На самом же деле когда государство было заказчиком, оно действительно как хозяин должно было все контролировать, утверждать и следить, чтобы его не обманули ни в ценах, ни в назначении объекта, ни в качестве. Сейчас же, когда частник строит за свои деньги, сфера контроля со стороны государства должна сузиться до пределов защиты именно общественных интересов, которые — с точки зрения проектирования и строительства объекта — сводятся в основном к его эстетике. А что касается, например, экологии, то дело государства — не контролировать проектирование и строительство, а запретить эксплуатировать экологически опасный объект. Построили что-то не то, и надо самим закрывать или сносить собственное строение, в которое «вбухали» народные денежки. Здесь понятно, что о качестве объекта и его стоимости кроме государства волноваться некому, наоборот, все остальные (и в первую очередь непосредственный заказчик) так и норовят урвать побольше бюджетных денег. Но теперь-то все по-другому: инвестор, то есть частник, должен позаботиться о том, чтобы объект был «правильным». Это его риск.

Как примирить стремление государства гарантировать стопроцентную правильность каждого объекта с необходимостью упростить процедуру согласований? На мой взгляд, ядром рыночного механизма контроля за качеством проектирования вместо обилия согласований и экспертиз должна стать система обязательного страхования всего жизненного цикла проектов. Прежде всего это касается гражданской ответственности проектировщика и строителя. Теоретически проектировщик, начинающий проект с «клятвы ГИПа», несет полную ответственность за его качество и соответствие нормам. Но реально отвечать ему нечем. Ущерб, который «неправильный» проект может нанести инвестору, исчисляется миллионами. С карликового же проектировщика и несколько тысяч взыскать проблематично.

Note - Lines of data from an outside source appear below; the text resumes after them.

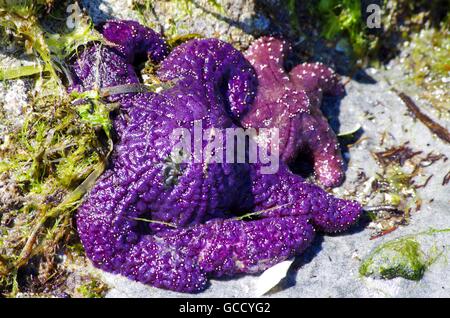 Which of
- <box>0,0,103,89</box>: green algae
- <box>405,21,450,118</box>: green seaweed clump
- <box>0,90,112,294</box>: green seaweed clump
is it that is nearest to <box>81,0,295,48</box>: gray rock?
<box>0,0,103,89</box>: green algae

Если страховать простой проект, то механизм контроля становится несложным и дешевым. Когда проект очевидно беспроблемный, вы найдете, где застраховать его за символические деньги без всяких экспертиз. Если проект сложный, то страховщик определит объем экспертиз и согласований, достаточный для того, чтобы убедиться в надежности проекта. При этом появится четкая экономическая оценка респектабельности проектной организации: чем выше авторитет и финансовая способность отвечать за свои решения у проектанта, тем меньше экспертиз будет требовать страховщик.

Страхование нужно распространить и на управленческие решения. Огромный пласт разрешительных функций, ради которых мы гоняем мелкого застройщика по огромному чиновничьему кругу, вполне разумно передать для единоличного решения районному архитектору, за которое он, естественно, должен нести всю полноту ответственности, и которое тоже должно быть застраховано. Если оно законное и правильное, его легко застраховать, если оно сомнительное, страховщик потребует его подтверждения в более высокой инстанции. Если оно в конечном итоге окажется незаконным, ущемившим чьи-то интересы, все ущербы должен будет возместить страховщик, и он с куда большей заинтересованностью, чем УБОП, разберется с коррумпированным, халатным или просто некомпетентным чиновником.

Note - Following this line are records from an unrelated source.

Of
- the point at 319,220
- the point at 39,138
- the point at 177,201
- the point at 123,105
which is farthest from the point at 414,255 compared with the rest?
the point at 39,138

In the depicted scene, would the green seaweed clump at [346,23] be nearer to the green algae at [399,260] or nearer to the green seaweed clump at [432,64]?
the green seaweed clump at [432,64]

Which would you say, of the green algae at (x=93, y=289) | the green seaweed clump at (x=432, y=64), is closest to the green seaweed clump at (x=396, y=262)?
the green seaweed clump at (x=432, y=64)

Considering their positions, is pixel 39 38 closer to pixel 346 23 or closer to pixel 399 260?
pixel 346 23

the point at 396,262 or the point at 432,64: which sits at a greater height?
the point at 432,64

Я не зря упомянул о скромных объемах проектов, утверждавшихся в царские времена. Проектировщик и главный архитектор города отвечали за соответствие фасада, габаритов здания принятым в те годы правилам застройки. За конструктивную часть проекта отвечал не архитектор, не чиновник, а подрядчик, и именно он давал на архитектурных чертежах аналог нынешней «клятвы ГИПа»: я, подрядчик, принимаю эти чертежи и гарантирую, что построенный по ним объект будет соответствовать действующим строительным нормам.

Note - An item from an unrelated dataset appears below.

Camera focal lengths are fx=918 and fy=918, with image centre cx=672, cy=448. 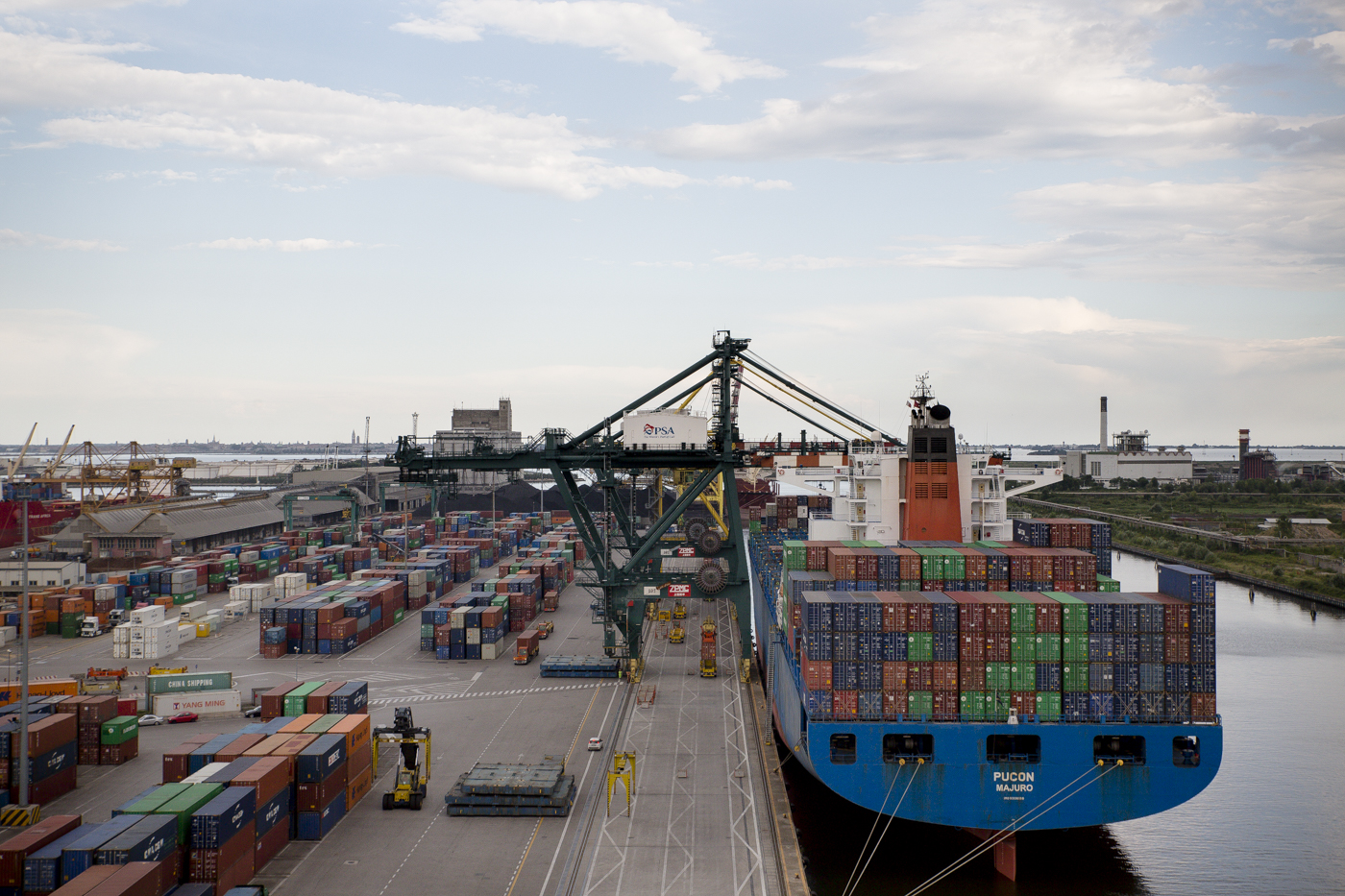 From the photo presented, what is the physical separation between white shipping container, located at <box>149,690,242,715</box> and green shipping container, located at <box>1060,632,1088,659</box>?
32.5 m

Излишняя полнота контролируемой части проекта ведет к затягиванию инвестиционного цикла и запутыванию процедур контроля из-за высокой вероятности внутренних противоречий раздутого, прошедшего по множеству бюрократических кругов «творения» архитектора, на 90% состоящего из разных техусловий, пояснительных записок, согласовательных справок. В результате мы имеем абсурдную ситуацию, когда несколько госучреждений контролируют название, сроки действия технических условий на подключение к сетям, хотя, по сути, эти техусловия определяют отношения между двумя самостоятельными (иногда частными) организациями, которые должны выяснять отношения в гражданско-правовом порядке. Единственная сторона, рискующая в связи с возможными шероховатостями в техусловиях — это инвестор.

Настоящее горе для инвестора, когда он сталкивается с различными мнениями чиновников. Одному кажется, что строить нужно вдоль, другому — поперек. Каждый из них просто футболит клиента. Фактически сегодня мэр города может подсказать кому-то из чиновников, что нужно изменить свою позицию. Но легального механизма принятия мэром решения в конфликтных ситуациях нет.

К сожалению, абсурдность процедур контроля в немалой степени обусловлена несовершенством содержания строительных норм. Это нагляднее всего проявляется при реализации самого микроскопического инвестиционного проекта — установлении рекламного щита. Утвержденные недавно Кабмином нормы определяют, что рекламные конструкции независимо от размера нельзя размещать ближе 10 м от проезжей части улицы, ближе 50 м от перекрестков и на расстоянии менее 350 м друг от друга. Очевидно, что 95% рекламных щитов (особенно небольшого формата) установлены с нарушением этих норм, никаких проблем с безопасностью движения из-за них не возникает, в ЕЭС не меньше нашего озабочены безопасностью людей, но во всех европейских городах щиты устанавливаются без таких ограничений.

Многие наши противопожарные и экологические нормы ничуть не лучше. Каждый, кто бывал в любом «дальнем зарубежье», видел АЗС, встроенные в офисы и даже жилые дома. У нас же расположить заправку ближе 50 м от жилого здания нельзя. Еще несколько лет назад ограничение составляло 25 м. За прошедшее время появились новые технологии, превращающие АЗС в объект практически безопасный. А ограничения ужесточились.

Многие нормы оказались бессмысленными из-за изменения условий инвестирования и технологий строительства. Пожарные ограничения на площадь этажа в 500 кв. м как были установлены во времена казенной раздачи 13 кв. м на душу тем, кто имеет менее 5, и соответственно предполагали «населенность» этажа 40—50 человек, так и продолжают применяться сегодня для элитного жилья с 200-метровыми квартирами, в которых проживают от двух до четырех человек. Квартира, в которой живут семеро, может быть с одним выходом, а офис, где работают трое — обязательно с двумя: не было в советские времена таких офисов.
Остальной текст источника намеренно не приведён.